Using cloud GPUs: Difference between revisions

Latest revision as of 18:40, 29 October 2024

Other languages:

English
français

This guide describes how to allocate GPU resources to a virtual machine (VM), installing the necessary drivers and checking whether the GPU can be used.

Supported flavors

To use a GPU within a VM, the instance needs to be deployed on one of the flavors listed below. The GPU will be available to the operating system via the PCI bus.

g2-c24-112gb-500
g1-c14-56gb-500
g1-c14-56gb

Preparing a Debian 10 instance

To use the GPU via the PCI bus, the proprietary NVIDIA drivers are required. Due to Debian's policy, the drivers are available from the non-free pool only.

Enable the non-free pool

Log in using ssh and add the lines below to /etc/apt/sources.list, if they are not already there.
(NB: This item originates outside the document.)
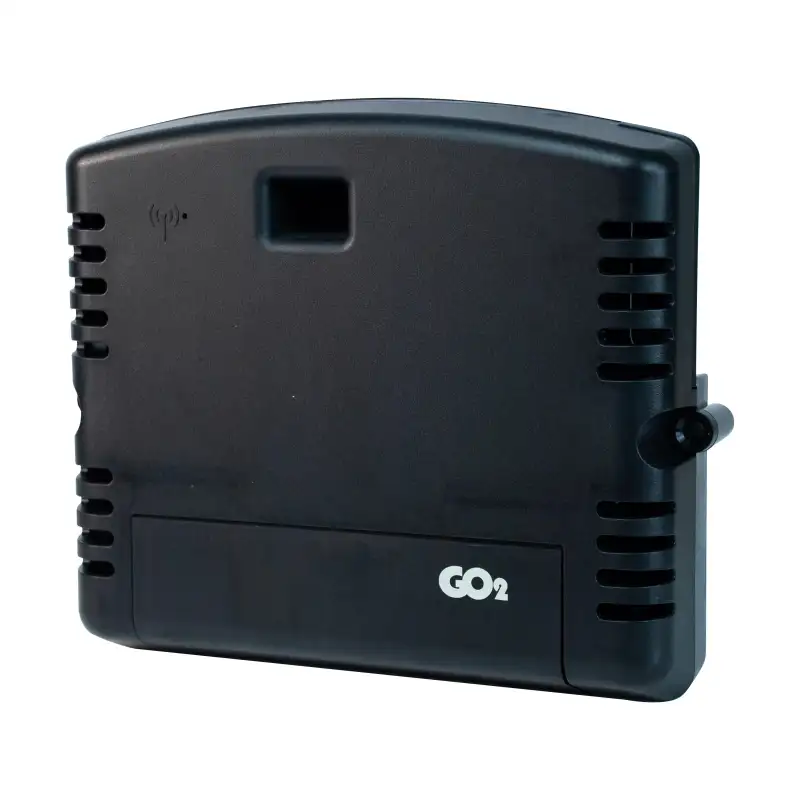 go 2 rh3 control unit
deb http://deb.debian.org/debian buster main contrib non-free
deb http://security.debian.org/ buster/updates main contrib non-free
deb http://deb.debian.org/debian buster-updates main contrib non-free

Install the NVIDIA driver

The following command:

updates the apt cache, so that apt will be aware of the new software pool sections,
updates the OS to the latest software versions, and
installs kernel headers, an NVIDIA driver, and pciutils, which will be required to list the devices connected to the PCI bus.

root@gpu2:~# apt-get update && apt-get -y dist-upgrade && apt-get -y install pciutils linux-headers-`uname -r` linux-headers-amd64 nvidia-driver

If this command finishes successfully, the NVIDIA driver will have been compiled and loaded.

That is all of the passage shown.